▶ **RECORDS TO PROCESS**
============================================================

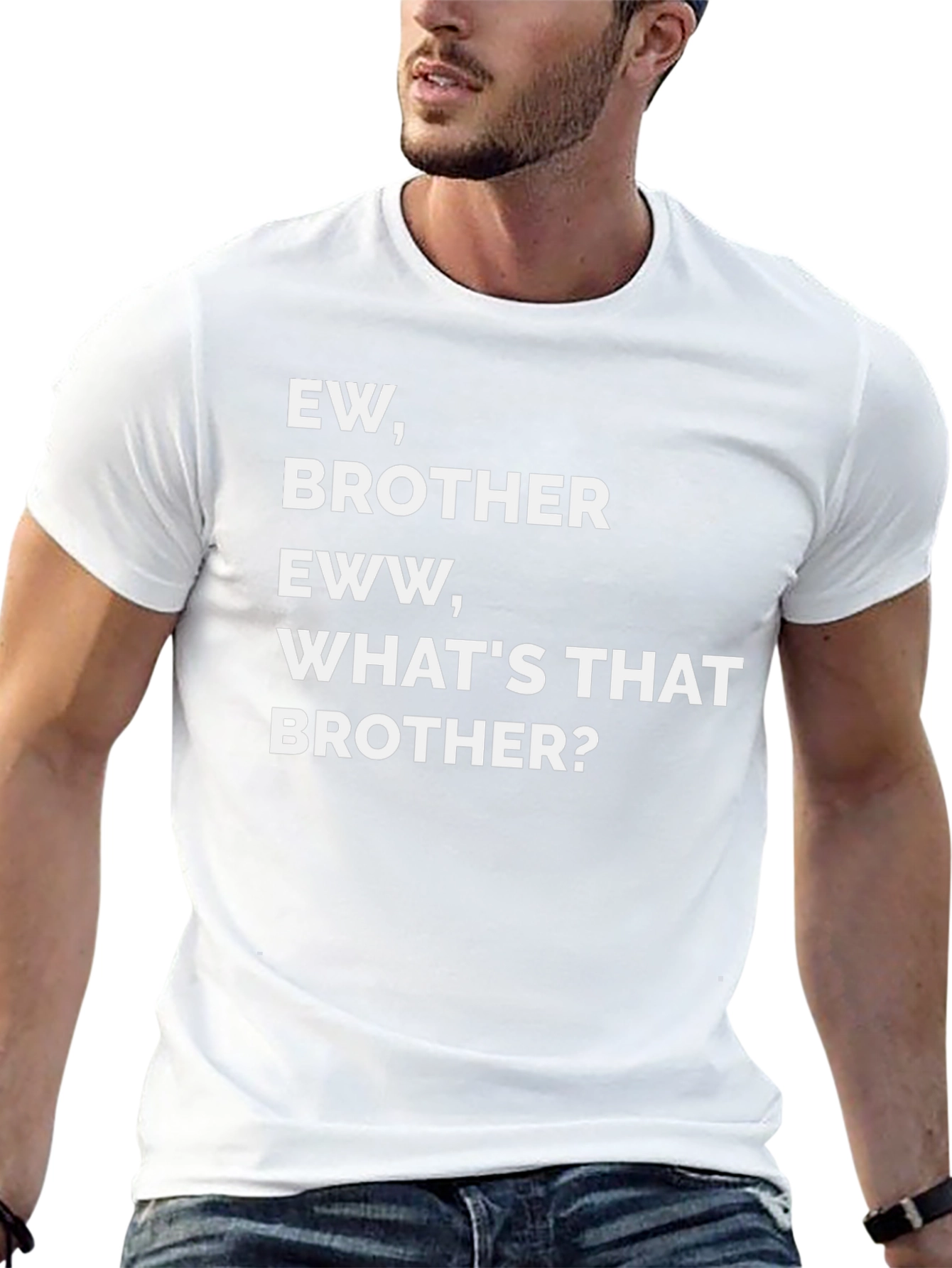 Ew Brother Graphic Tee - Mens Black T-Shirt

============================================================

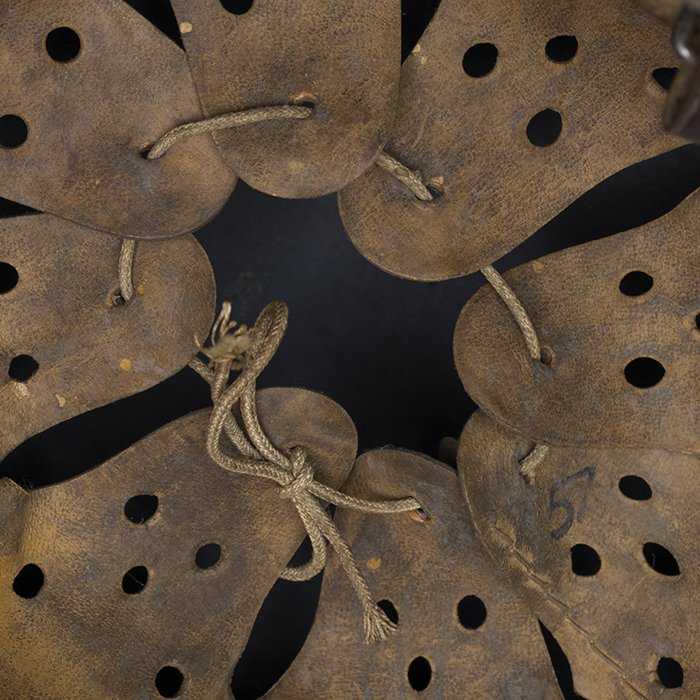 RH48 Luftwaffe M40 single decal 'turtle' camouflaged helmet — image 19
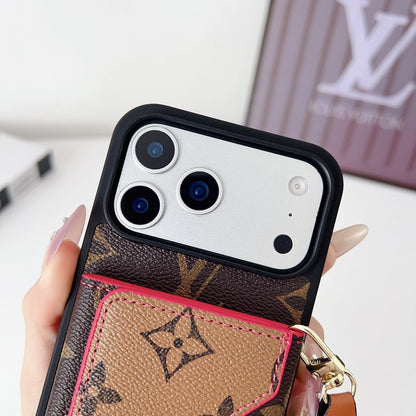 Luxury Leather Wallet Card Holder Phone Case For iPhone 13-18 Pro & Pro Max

============================================================

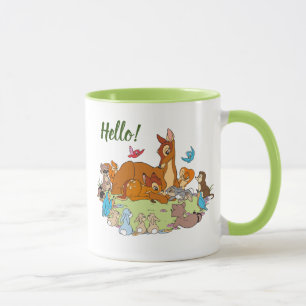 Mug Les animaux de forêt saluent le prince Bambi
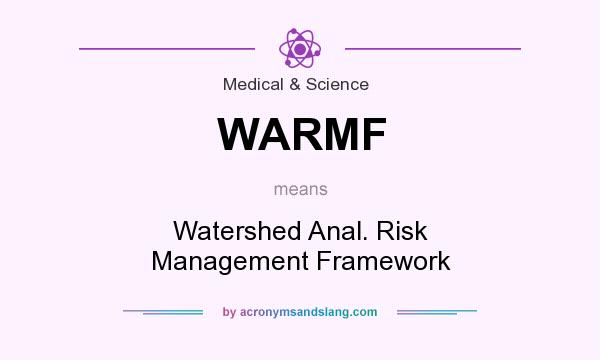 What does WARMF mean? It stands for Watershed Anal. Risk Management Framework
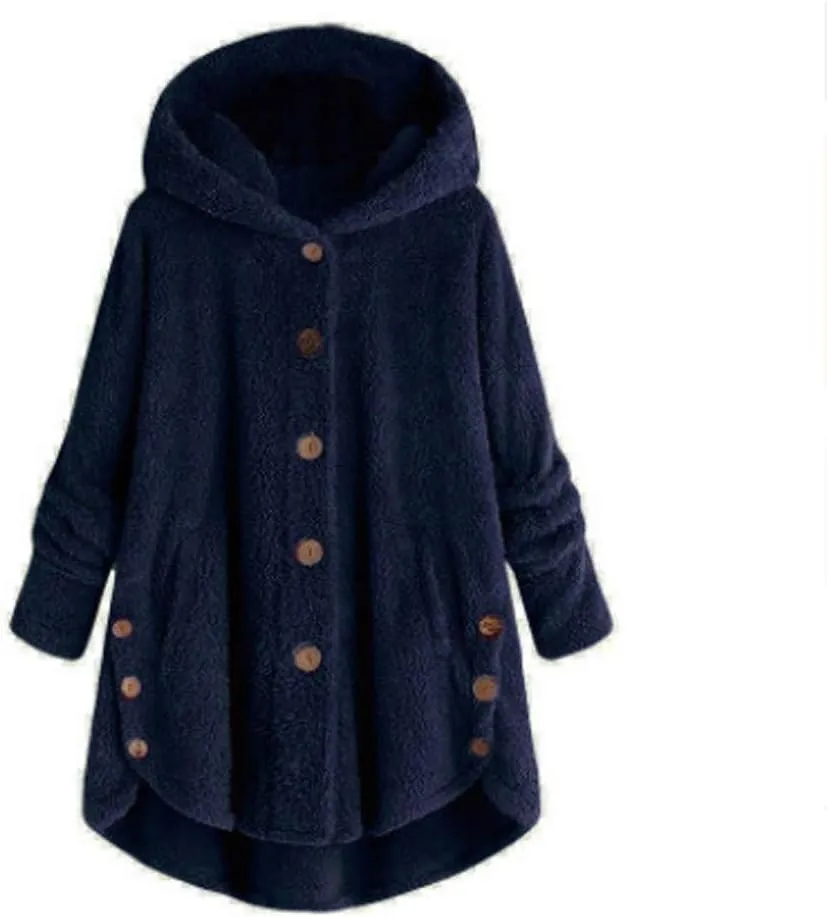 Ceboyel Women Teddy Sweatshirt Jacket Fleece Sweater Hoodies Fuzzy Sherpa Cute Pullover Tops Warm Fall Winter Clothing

============================================================

▶ **THE TASK**
Where a picture appears in the records above, omit it, and transcribe exactly the stretch of lines from the one with "RH48 Luftwaffe M40" through the one with "Luxury Leather Wallet".

▶ **RESPONSE AREA**
 RH48 Luftwaffe M40 single decal 'turtle' camouflaged helmet — image 19
 Luxury Leather Wallet Card Holder Phone Case For iPhone 13-18 Pro & Pro Max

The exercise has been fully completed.